▸ What the exercise asks:
Your answer must be only the lines below from the one containing "Pothys Magenta &" through the one containing "Internally Panicking Magnet Funny Gag Gift", copied exactly, with the pictures left out.

▸ Entries supplied:
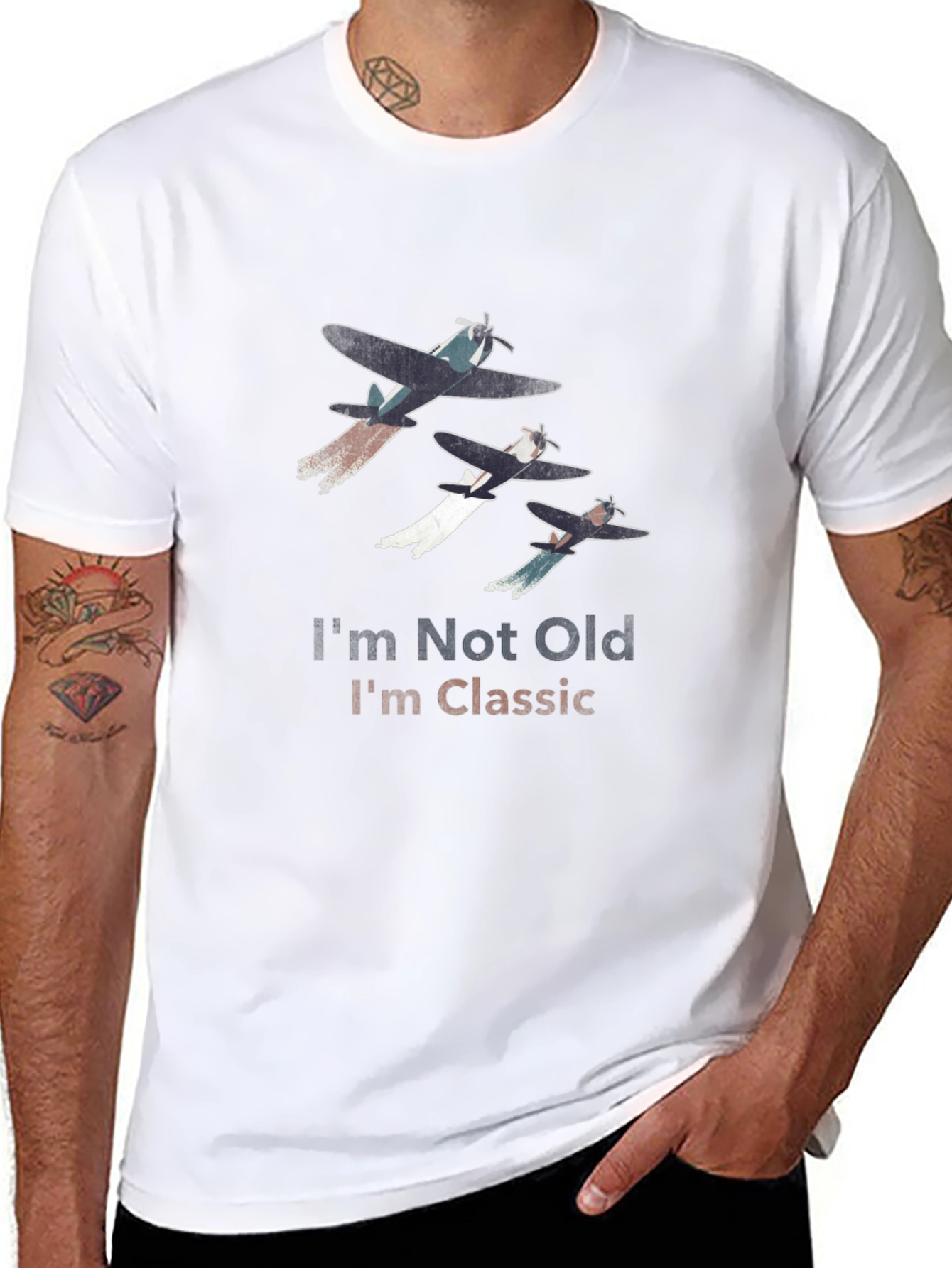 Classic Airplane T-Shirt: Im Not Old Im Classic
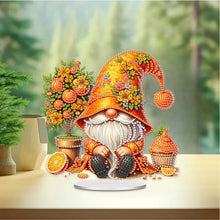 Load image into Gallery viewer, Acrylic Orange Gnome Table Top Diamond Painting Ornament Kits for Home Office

==

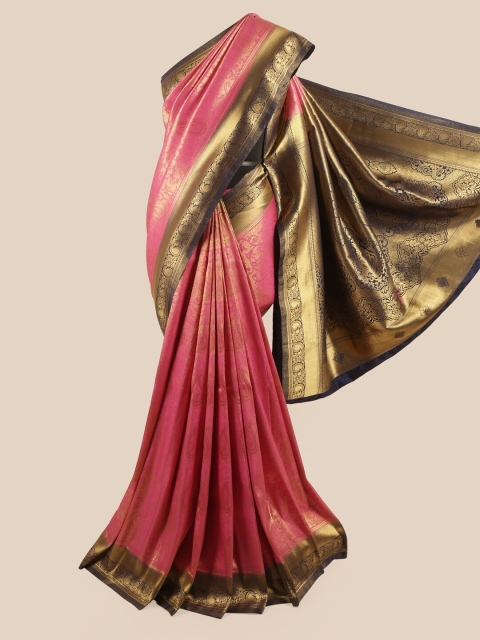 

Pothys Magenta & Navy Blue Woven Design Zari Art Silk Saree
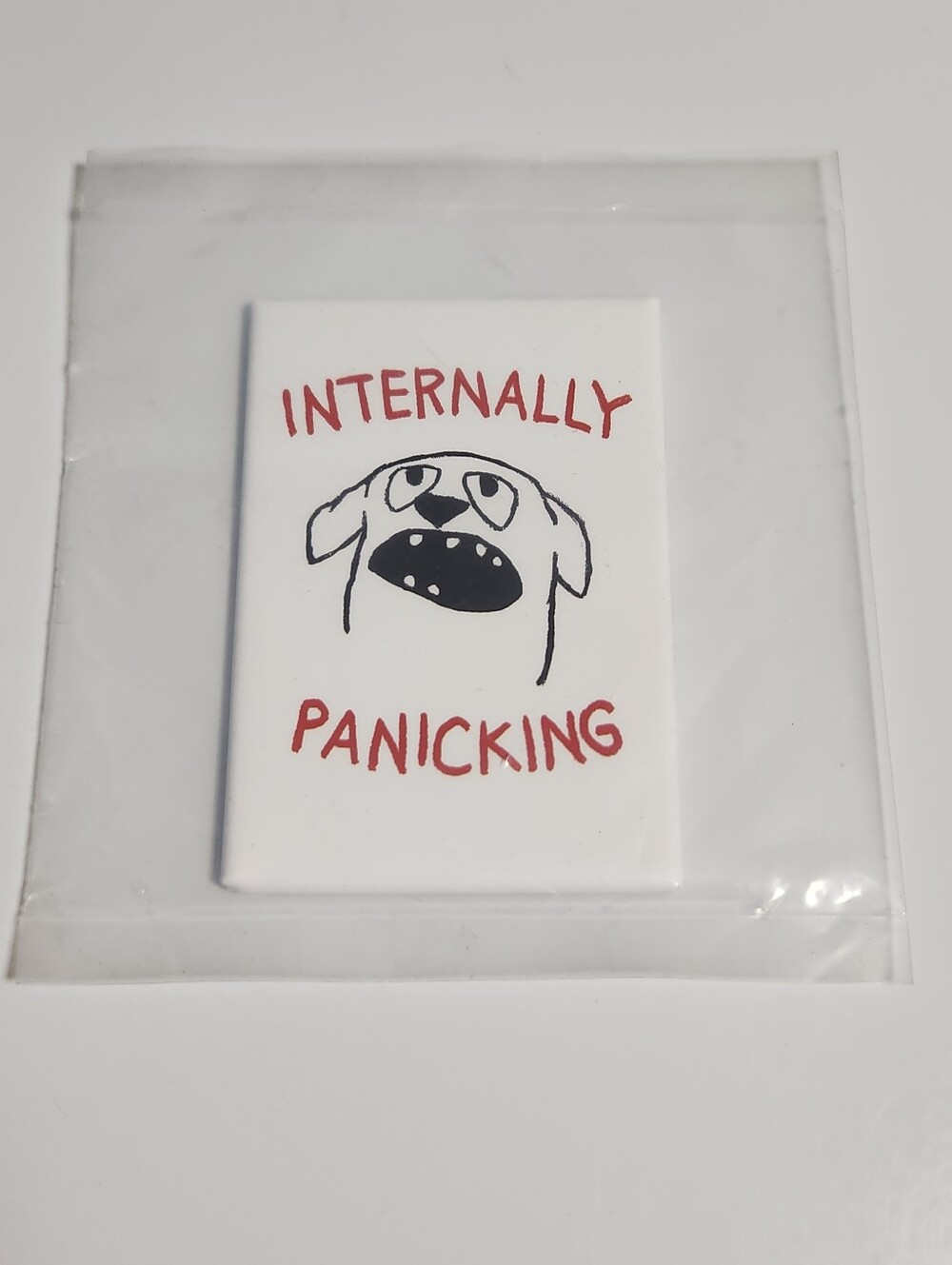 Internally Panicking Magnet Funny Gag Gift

▸ Exercise response:
Pothys Magenta & Navy Blue Woven Design Zari Art Silk Saree
 Internally Panicking Magnet Funny Gag Gift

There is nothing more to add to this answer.